In the end, the Systema seminar with Vasiliev was excellent, and I recommend it to anyone, regardless of their level of martial arts experience. I am a total novice when it comes to Systema, so I cannot say how or if a Systema practitioner might gain from aikido practice. But I do have a strong background in Aikido, and feel I can authoritatively say that those with an Aikido background, particularly advanced Aikido students, can gain a lot from Systema, as the underlying principles are very similar, and in many ways, the training is very complimentary. Advanced students in particular will gain a lot from the freestyle format, and the principle of natural movement being primary, and technique being allowed to grow and flow out of the relaxed natural movement.
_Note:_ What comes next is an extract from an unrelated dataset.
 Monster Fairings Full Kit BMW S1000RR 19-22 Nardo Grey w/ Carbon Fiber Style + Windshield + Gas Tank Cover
If you are going to be at the Expo, you really should check out Systema for yourself, and actually get on the mat and experience it yourself. This seminar experience was very rewarding for me and gave me a huge number of ideas and creative possibilities. It also left me wanting more training in Systema. I don't see a conflict with aikido training at all. As far as "taking what is useful" goes, there is a lot to be taken here.